-- Exercise --
Only the lines from the start of the entries through the line with "LTC4355IDE#PBF" are wanted; please output them exactly.

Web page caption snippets
————
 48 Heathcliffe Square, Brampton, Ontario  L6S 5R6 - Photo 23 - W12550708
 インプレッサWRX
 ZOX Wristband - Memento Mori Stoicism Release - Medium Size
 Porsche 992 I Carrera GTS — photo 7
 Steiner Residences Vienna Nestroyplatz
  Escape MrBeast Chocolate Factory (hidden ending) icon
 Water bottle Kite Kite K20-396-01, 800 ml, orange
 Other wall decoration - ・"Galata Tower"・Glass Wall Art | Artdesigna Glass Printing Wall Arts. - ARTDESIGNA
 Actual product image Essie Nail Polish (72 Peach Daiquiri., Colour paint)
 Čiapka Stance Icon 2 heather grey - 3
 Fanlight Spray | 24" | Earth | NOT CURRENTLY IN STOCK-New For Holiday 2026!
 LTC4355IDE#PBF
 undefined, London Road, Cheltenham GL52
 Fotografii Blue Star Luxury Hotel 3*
————
-- Solution for this problem --
 48 Heathcliffe Square, Brampton, Ontario  L6S 5R6 - Photo 23 - W12550708
 インプレッサWRX
 ZOX Wristband - Memento Mori Stoicism Release - Medium Size
 Porsche 992 I Carrera GTS — photo 7
 Steiner Residences Vienna Nestroyplatz
  Escape MrBeast Chocolate Factory (hidden ending) icon
 Water bottle Kite Kite K20-396-01, 800 ml, orange
 Other wall decoration - ・"Galata Tower"・Glass Wall Art | Artdesigna Glass Printing Wall Arts. - ARTDESIGNA
 Actual product image Essie Nail Polish (72 Peach Daiquiri., Colour paint)
 Čiapka Stance Icon 2 heather grey - 3
 Fanlight Spray | 24" | Earth | NOT CURRENTLY IN STOCK-New For Holiday 2026!
 LTC4355IDE#PBF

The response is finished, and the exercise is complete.